Problem statement:
The lines running from the one that contains "Load image into" to the end of the records below are what to reproduce, exactly and without pictures.

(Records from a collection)
────────────────────────────────────────

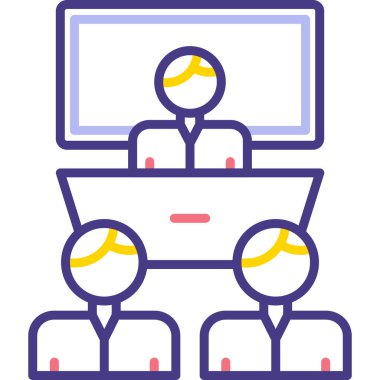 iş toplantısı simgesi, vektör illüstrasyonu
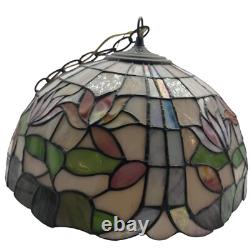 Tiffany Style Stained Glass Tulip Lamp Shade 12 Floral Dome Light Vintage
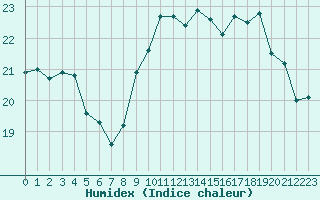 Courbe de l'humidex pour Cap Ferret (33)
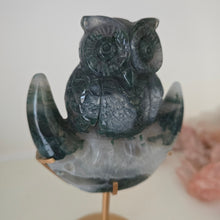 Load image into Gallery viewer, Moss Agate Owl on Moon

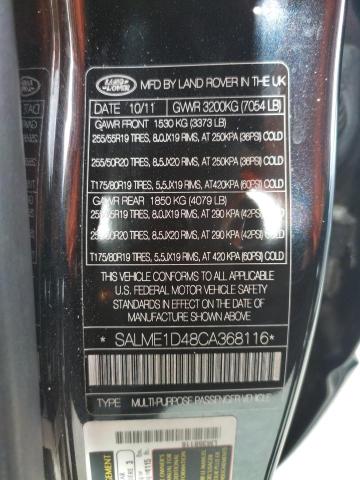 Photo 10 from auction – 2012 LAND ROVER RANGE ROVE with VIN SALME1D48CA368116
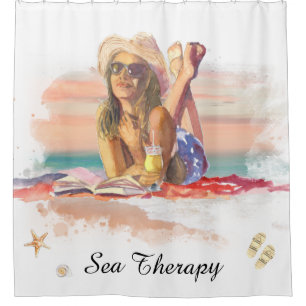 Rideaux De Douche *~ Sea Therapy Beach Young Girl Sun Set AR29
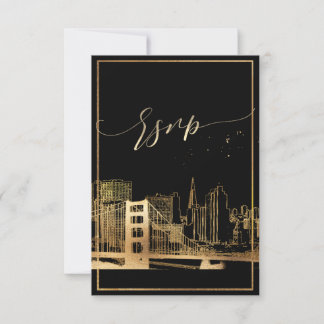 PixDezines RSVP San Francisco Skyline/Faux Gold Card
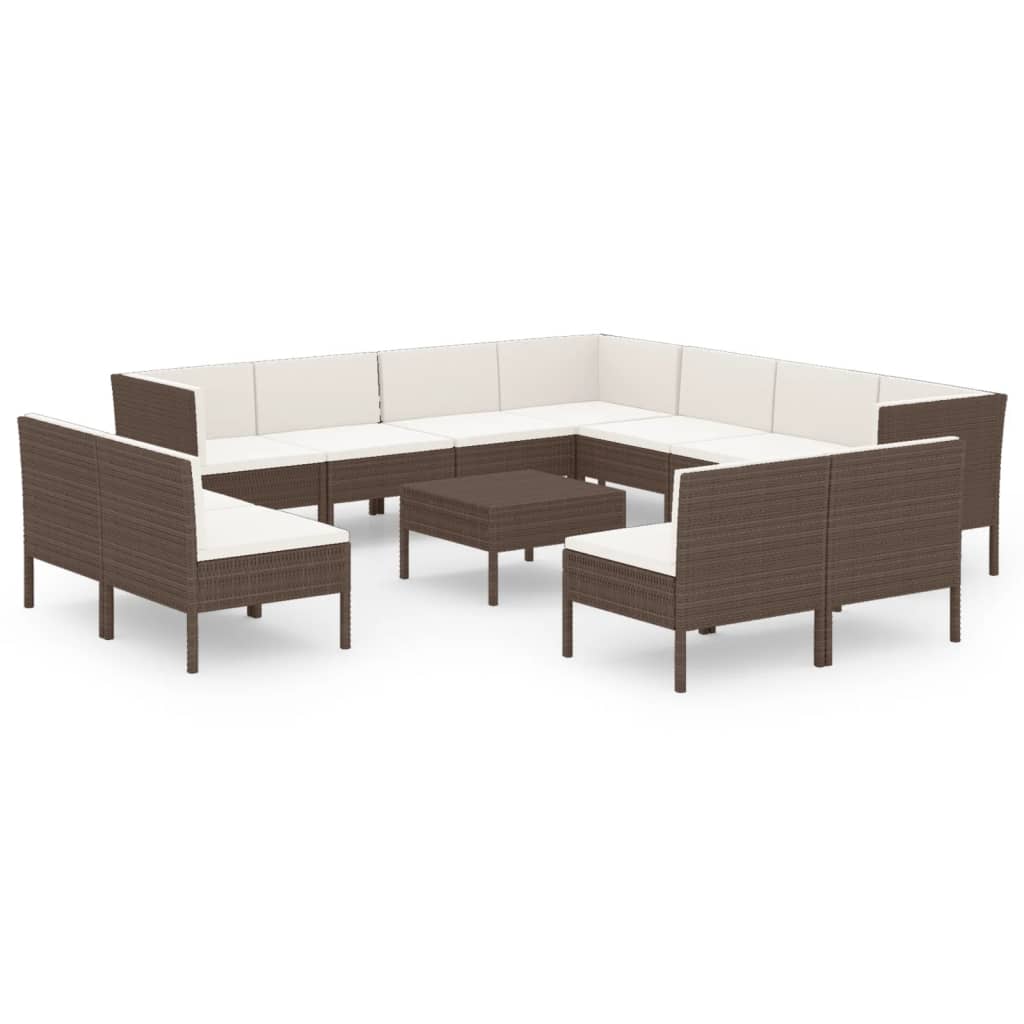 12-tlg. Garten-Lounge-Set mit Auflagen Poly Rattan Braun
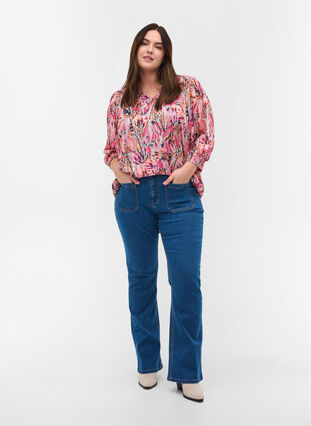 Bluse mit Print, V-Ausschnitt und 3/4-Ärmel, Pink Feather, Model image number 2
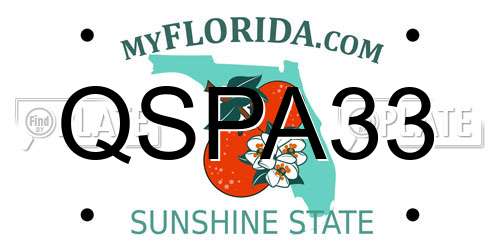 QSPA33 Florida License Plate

────────────────────────────────────────

Answer to this exercise:
 Load image into Gallery viewer, Moss Agate Owl on Moon

 Photo 10 from auction – 2012 LAND ROVER RANGE ROVE with VIN SALME1D48CA368116
 Rideaux De Douche *~ Sea Therapy Beach Young Girl Sun Set AR29
 PixDezines RSVP San Francisco Skyline/Faux Gold Card
 12-tlg. Garten-Lounge-Set mit Auflagen Poly Rattan Braun
 Bluse mit Print, V-Ausschnitt und 3/4-Ärmel, Pink Feather, Model image number 2
 QSPA33 Florida License Plate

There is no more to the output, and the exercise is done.